Work order. In the entries that follow, find the line containing "Enter your phone" and the line containing "Now you know", then retype exactly the lines from the first through the second, pictures excluded.

[Stored data]
┄┄┄┄┄┄┄┄┄┄

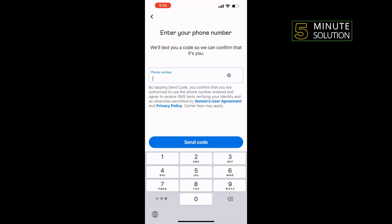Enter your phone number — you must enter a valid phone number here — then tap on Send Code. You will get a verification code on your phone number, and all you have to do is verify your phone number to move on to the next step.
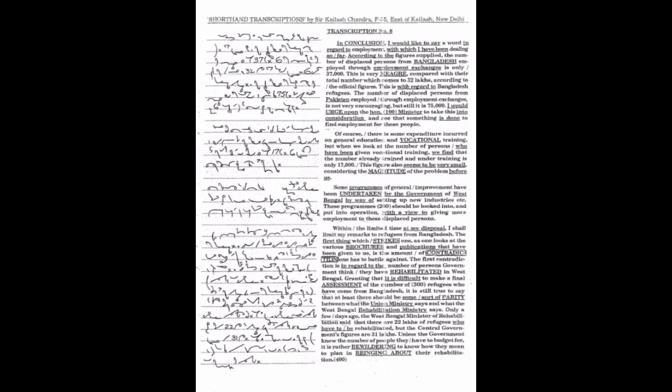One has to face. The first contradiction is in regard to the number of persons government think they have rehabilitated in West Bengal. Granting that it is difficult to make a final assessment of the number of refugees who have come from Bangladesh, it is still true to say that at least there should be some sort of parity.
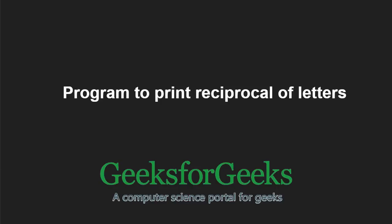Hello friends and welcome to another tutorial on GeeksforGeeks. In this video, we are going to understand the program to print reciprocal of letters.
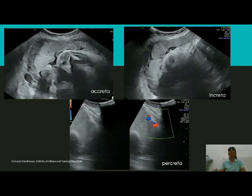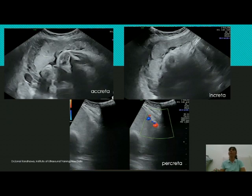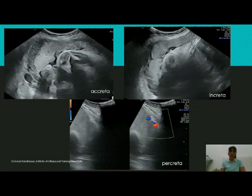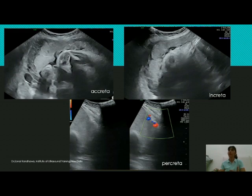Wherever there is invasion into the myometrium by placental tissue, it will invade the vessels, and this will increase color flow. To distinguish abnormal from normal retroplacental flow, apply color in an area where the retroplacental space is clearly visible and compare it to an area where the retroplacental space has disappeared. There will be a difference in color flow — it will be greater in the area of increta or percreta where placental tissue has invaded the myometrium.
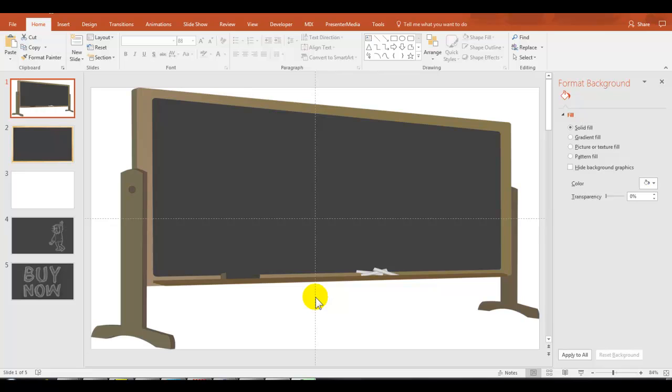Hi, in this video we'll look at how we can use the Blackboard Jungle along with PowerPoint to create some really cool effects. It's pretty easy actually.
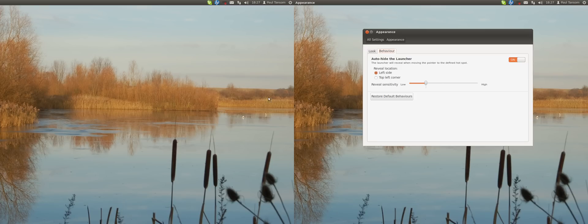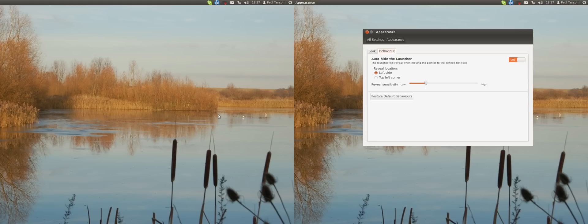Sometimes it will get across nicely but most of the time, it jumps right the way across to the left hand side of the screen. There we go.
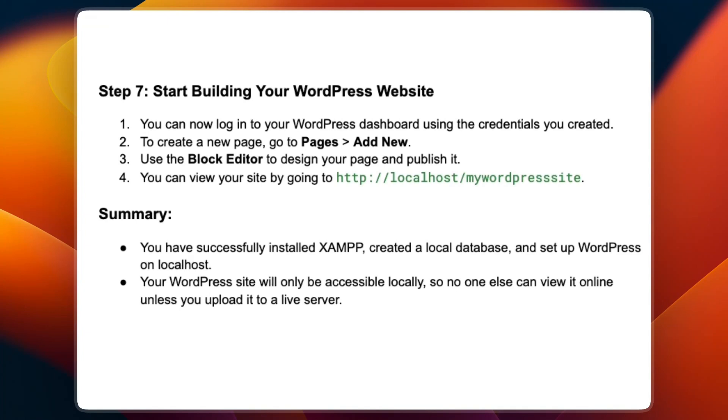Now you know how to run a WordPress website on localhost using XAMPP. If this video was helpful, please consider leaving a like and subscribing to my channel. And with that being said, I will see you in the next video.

┄┄┄┄┄┄┄┄┄┄

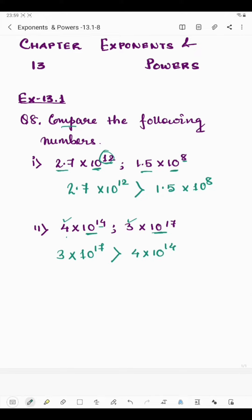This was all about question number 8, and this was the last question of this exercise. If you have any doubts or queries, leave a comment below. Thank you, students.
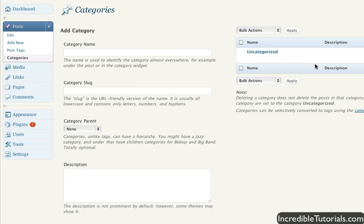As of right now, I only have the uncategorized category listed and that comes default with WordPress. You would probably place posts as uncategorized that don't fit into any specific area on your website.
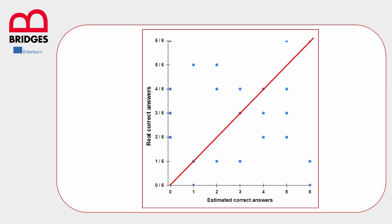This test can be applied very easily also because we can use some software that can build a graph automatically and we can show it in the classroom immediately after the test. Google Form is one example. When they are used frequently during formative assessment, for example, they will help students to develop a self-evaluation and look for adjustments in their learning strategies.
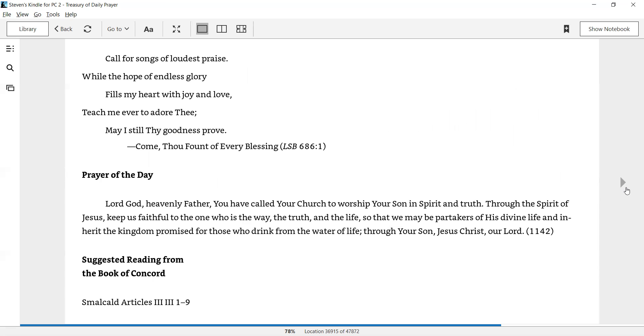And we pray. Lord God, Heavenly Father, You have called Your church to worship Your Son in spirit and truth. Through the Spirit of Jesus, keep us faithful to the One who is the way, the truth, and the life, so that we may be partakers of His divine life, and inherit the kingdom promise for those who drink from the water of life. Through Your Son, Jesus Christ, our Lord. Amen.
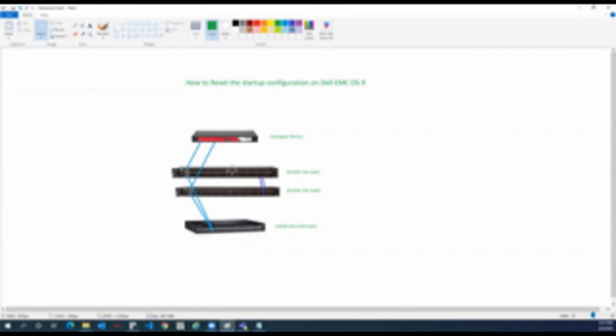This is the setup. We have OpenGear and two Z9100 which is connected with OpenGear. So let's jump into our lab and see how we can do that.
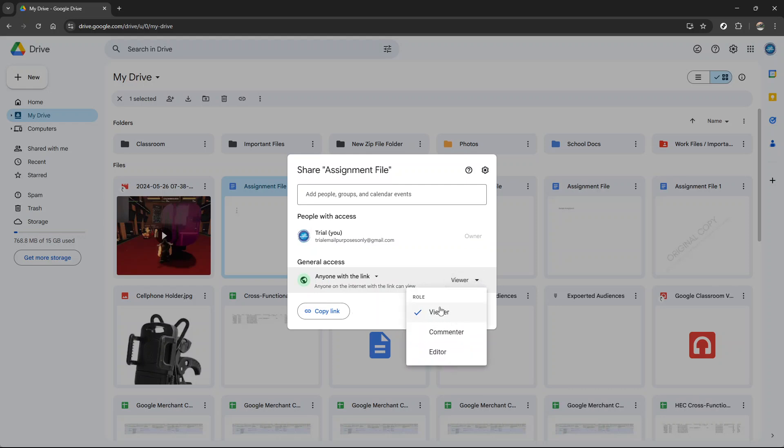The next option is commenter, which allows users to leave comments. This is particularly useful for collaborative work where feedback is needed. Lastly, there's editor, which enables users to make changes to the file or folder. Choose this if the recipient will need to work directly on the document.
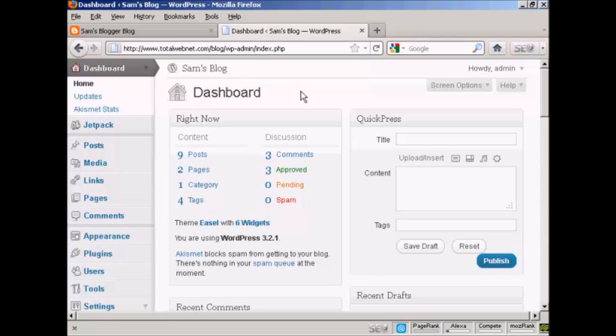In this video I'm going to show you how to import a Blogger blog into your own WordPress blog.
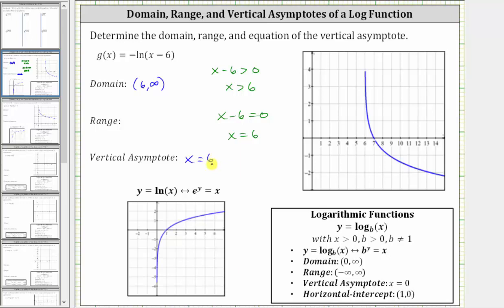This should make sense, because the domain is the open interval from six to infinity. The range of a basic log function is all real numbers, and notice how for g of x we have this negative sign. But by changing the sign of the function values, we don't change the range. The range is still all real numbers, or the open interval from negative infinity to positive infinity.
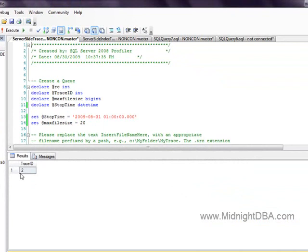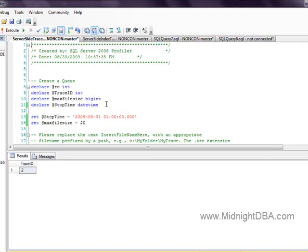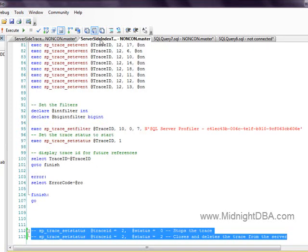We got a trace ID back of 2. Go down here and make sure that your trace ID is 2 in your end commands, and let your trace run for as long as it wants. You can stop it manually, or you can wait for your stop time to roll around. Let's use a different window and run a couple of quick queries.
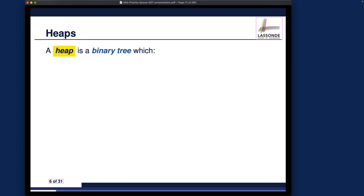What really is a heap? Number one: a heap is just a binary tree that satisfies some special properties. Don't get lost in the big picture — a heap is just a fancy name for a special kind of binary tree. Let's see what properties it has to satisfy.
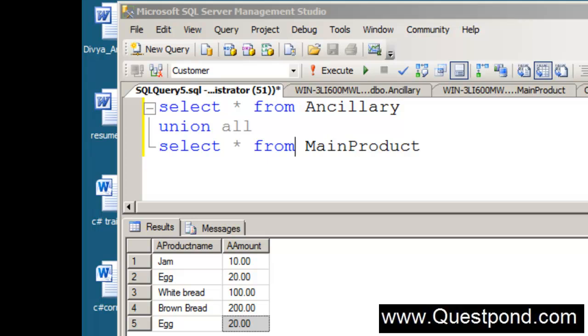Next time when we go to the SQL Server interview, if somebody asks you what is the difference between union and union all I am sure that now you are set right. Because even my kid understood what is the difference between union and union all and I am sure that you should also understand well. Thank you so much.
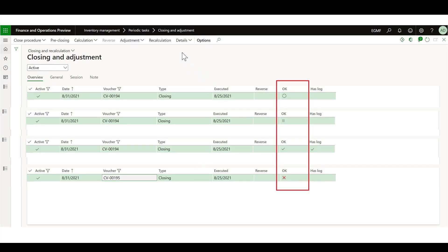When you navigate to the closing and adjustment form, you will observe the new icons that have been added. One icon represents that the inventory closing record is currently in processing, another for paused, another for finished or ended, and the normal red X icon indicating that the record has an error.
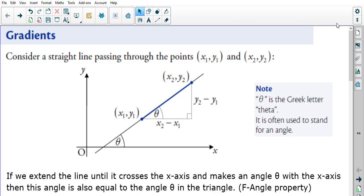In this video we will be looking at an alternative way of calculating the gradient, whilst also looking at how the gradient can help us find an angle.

┄┄┄┄┄┄┄┄┄┄

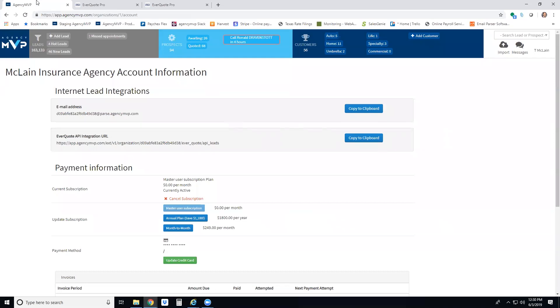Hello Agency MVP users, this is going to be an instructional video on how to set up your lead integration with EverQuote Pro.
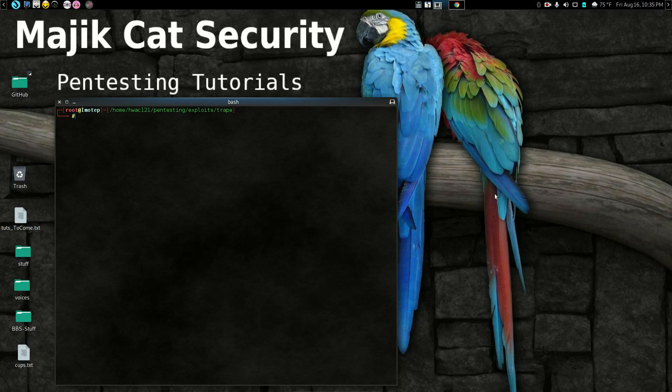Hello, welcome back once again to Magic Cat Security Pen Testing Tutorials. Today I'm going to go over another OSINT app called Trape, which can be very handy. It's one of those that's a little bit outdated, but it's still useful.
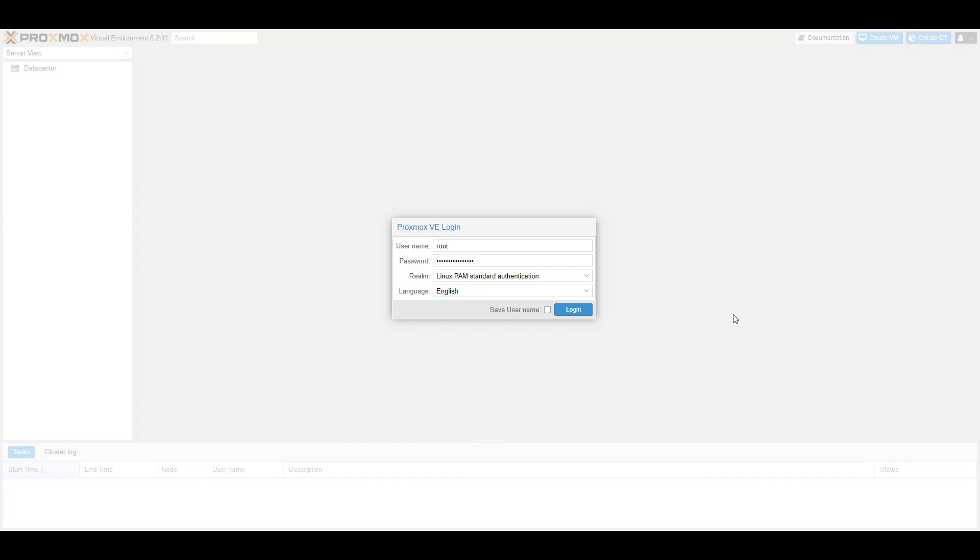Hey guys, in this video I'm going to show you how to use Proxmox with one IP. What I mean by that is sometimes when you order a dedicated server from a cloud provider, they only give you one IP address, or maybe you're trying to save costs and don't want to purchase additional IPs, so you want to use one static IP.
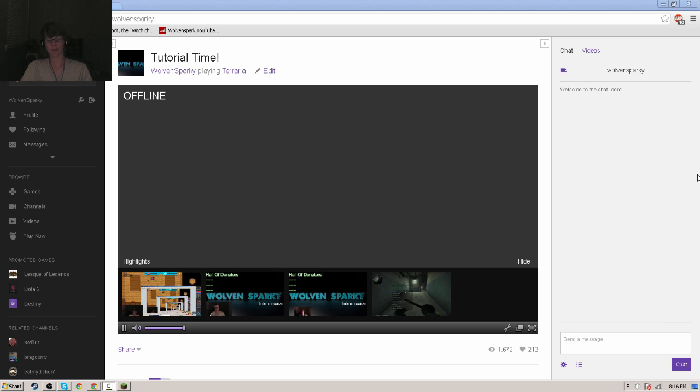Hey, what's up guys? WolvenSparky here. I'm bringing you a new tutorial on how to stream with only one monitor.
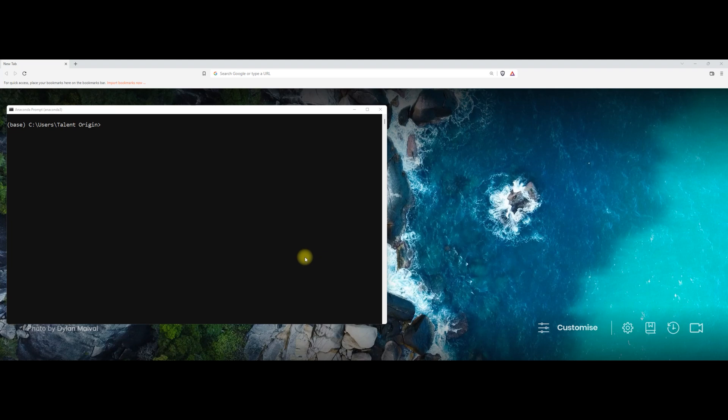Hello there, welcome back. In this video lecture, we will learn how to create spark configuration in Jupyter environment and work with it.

┄┄┄┄┄┄┄┄┄┄

Task result.
Enter your phone number — you must enter a valid phone number here — then tap on Send Code. You will get a verification code on your phone number, and all you have to do is verify your phone number to move on to the next step.
One has to face. The first contradiction is in regard to the number of persons government think they have rehabilitated in West Bengal. Granting that it is difficult to make a final assessment of the number of refugees who have come from Bangladesh, it is still true to say that at least there should be some sort of parity.
Hello friends and welcome to another tutorial on GeeksforGeeks. In this video, we are going to understand the program to print reciprocal of letters.
Wherever there is invasion into the myometrium by placental tissue, it will invade the vessels, and this will increase color flow. To distinguish abnormal from normal retroplacental flow, apply color in an area where the retroplacental space is clearly visible and compare it to an area where the retroplacental space has disappeared. There will be a difference in color flow — it will be greater in the area of increta or percreta where placental tissue has invaded the myometrium.
Hi, in this video we'll look at how we can use the Blackboard Jungle along with PowerPoint to create some really cool effects. It's pretty easy actually.
Sometimes it will get across nicely but most of the time, it jumps right the way across to the left hand side of the screen. There we go.
Now you know how to run a WordPress website on localhost using XAMPP. If this video was helpful, please consider leaving a like and subscribing to my channel. And with that being said, I will see you in the next video.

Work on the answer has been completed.